Friday, June 20, 2025

Games Without a Framework

Space gaming is hard. The first thing that happens is you sit there and wonder, "What do I do?" I have a universe out there so big I can never explore it all, there are the gears of civilization grinding on around me, and I feel so infinitesimally small that my brain freezes up, and I have no idea what I should be doing.

Some games give you frameworks to operate within, such as any of the Cepheus Engine games. When in doubt, you could always be a space truck driver and haul cargo. There are random tables and frameworks in here that get you started, and they sort of define the universe's "working model" for you.

However, this is somewhat akin to describing Earth as a world "having a lot of truck drivers, cargo ships, and passenger airliners." Nothing about the people, places, countries, religions, economics, conflicts, resources, society, or anything else. Earth is a place "where there is cargo."

The framework can put blinders on you, and focus the game too much in this area, and not in other places where you may want the focus to shift instead.

This is my "space game model," and it is heavily influenced by this sort of "2d6 gaming in space." When I start to play games like this, I take out a mortgage, buy a ship, go deep in debt, and take random cargo runs and have random encounters everywhere on the map. It is a fun game model and system, but it is not a science fiction game. It is sort of like playing a "truck driver simulator."

In my Car Wars-style "Road War" game, I had a nice setup. My PC was a delivery van driver in a desert outpost fortress town. They took jobs in town, and then shifted focus to out-of-town jobs. The desert town had a few unique story elements. This was a stop on a major trading route. The city relied on remote outposts with water pumps and solar panels. To the south is a fortified agricultural zone. Road bandits and gangs preyed on lone travelers. So:

  • The town needs water from remote outposts.
  • The remote outposts need supplies and solar panels.
  • Raider gangs terrorize the desert.
  • A significant trade route runs through town, with a truck stop.
  • Food needs to be transported from the fortified farms to the town.

I have story hooks, and my first missions were cargo runs to the water pumping outposts, delivering solar panel replacements, and hauling supplies to them. I did not need random cargo tables to tell me this; the story of my setting did. The setting would have been less enjoyable with the cargo tables and generation systems, and since I didn't have them, I fell back on my setting's story and drew inspiration from that, which ultimately gave me a better game.

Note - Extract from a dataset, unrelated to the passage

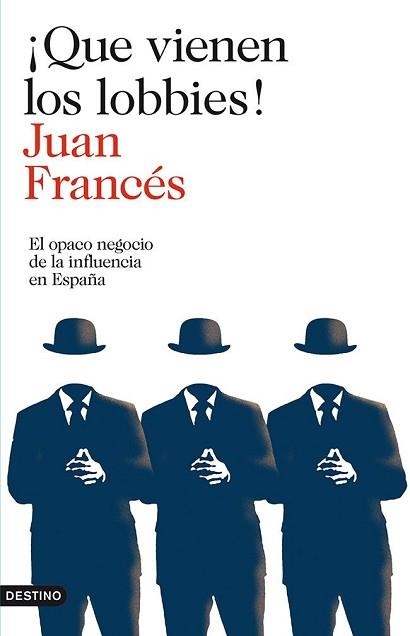 QUE VIENEN LOS LOBBIES! | 9788423346271 | FRANCÉS, JUAN | Llibreria Aqualata | Comprar llibres en català i castellà online | Comprar llibres Igualada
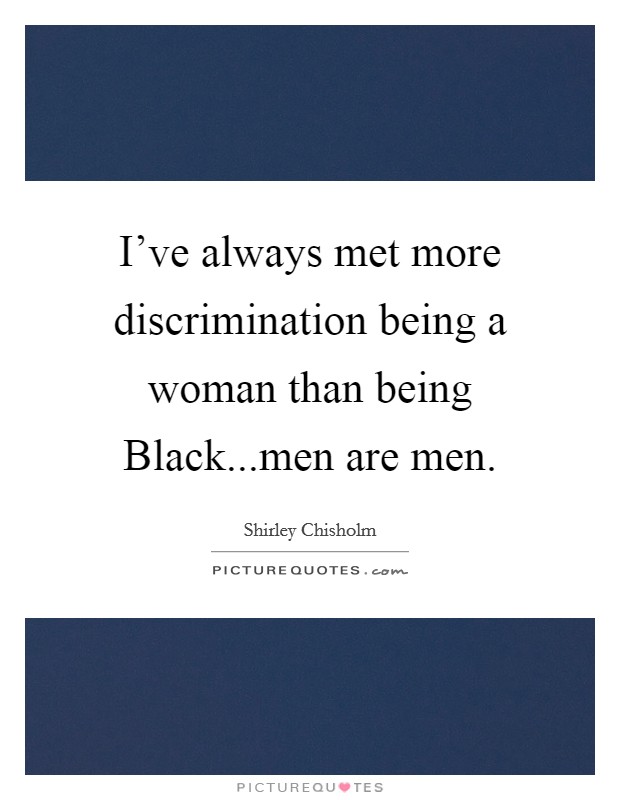 I've always met more discrimination being a woman than being Black...men are men. Picture Quote #1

That setup still needs characters and specific stories, but it's far better than a book filled with random tables and trading frameworks. There is a flow of goods, those who need them, and those who want to take them. My PC works for a delivery service. If there are no stories and nothing is going on, I still have a job. This should not happen; there needs to be other stories happening to drive that 'personal involvement,' but I can't fall through the cracks and sit there with nothing to do.

I laid out a simple setting, five facts about it, and I can use that as my story canvas. This is my "framework," and it does not need a lot of work. It just needs a little fun designed in, and a character in a position to interact with the pieces.

With tables, I would not have felt the need to create a story that supports the need to run cargo across dangerous terrain. In a science fiction game, this is the same exact thing. I don't need the tables, I need a setting and a story first. That will give me much more mileage than tables that are nice to have, but they don't create plots and stories. Not having the charts made the stories and setting stronger.

This is a simple story structure: create a regular activity that requires the characters to face unexpected danger (or uncertain situations) periodically. In a space game, I could make a far-away system with a lost civilization, and make my characters the survey team. Alternatively, they could serve as the support team for the survey. Or the cargo haulers.

We have a mystery with that lost civilization, and we have a regular activity going back and forth to it. There are stories here! Add some enemy space aliens and space pirates, and you have even more happening. There are no tables here yet, but if there were, they would be focused on this story and not general-purpose random cargo tables. While random tables are good to have, they don't tell a story or drive campaign interest.

If you find yourself lost in space, write a few stories to help you find your way out. Ask yourself, who is here, and what is happening? Ask yourself about the current situation. Imagine who lives there, and what troubles they face. Then let those plots drive PC action.